__Information supplied__:
▼▼▼
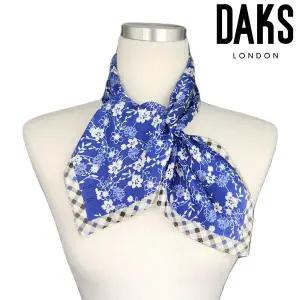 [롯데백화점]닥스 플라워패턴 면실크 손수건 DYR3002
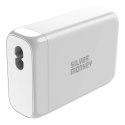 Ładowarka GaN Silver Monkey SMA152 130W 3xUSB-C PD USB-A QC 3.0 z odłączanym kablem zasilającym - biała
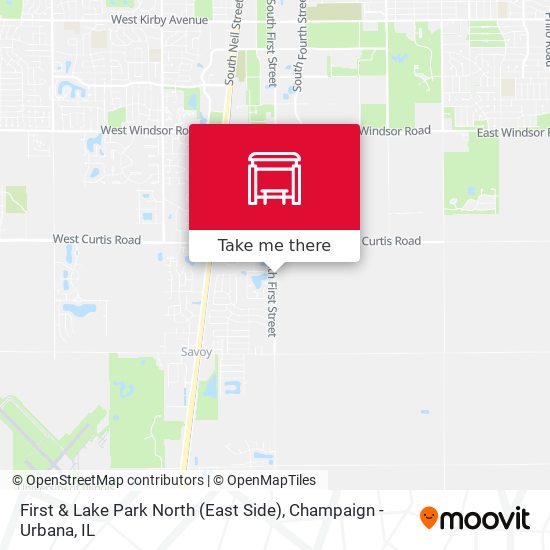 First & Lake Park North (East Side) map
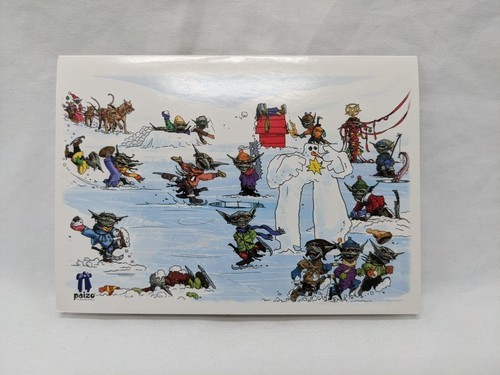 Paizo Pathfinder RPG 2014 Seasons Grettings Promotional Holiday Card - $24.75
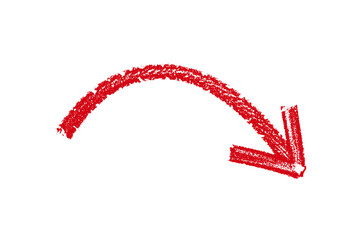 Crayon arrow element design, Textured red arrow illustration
▲▲▲
▼▼▼
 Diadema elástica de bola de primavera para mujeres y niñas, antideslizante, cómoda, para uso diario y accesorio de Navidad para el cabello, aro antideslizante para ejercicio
▲▲▲
▼▼▼
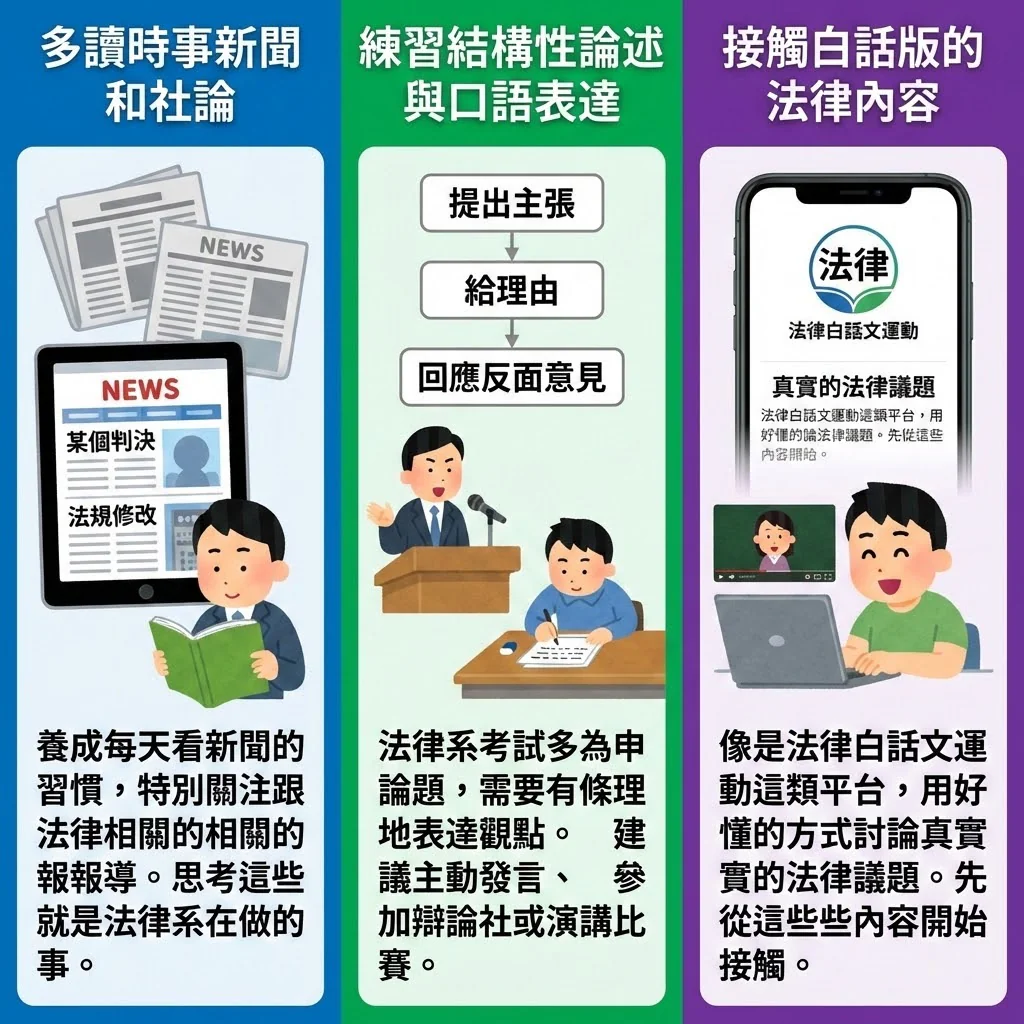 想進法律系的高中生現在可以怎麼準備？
▲▲▲
Range to copy from the listing above: the line containing "First & Lake Park North (East Side) map" down to the line containing "Crayon arrow element", both included. Reproduce it exactly, minus the pictures, and add nothing.

__Solution for this problem__:
 First & Lake Park North (East Side) map
 Paizo Pathfinder RPG 2014 Seasons Grettings Promotional Holiday Card - $24.75
 Crayon arrow element design, Textured red arrow illustration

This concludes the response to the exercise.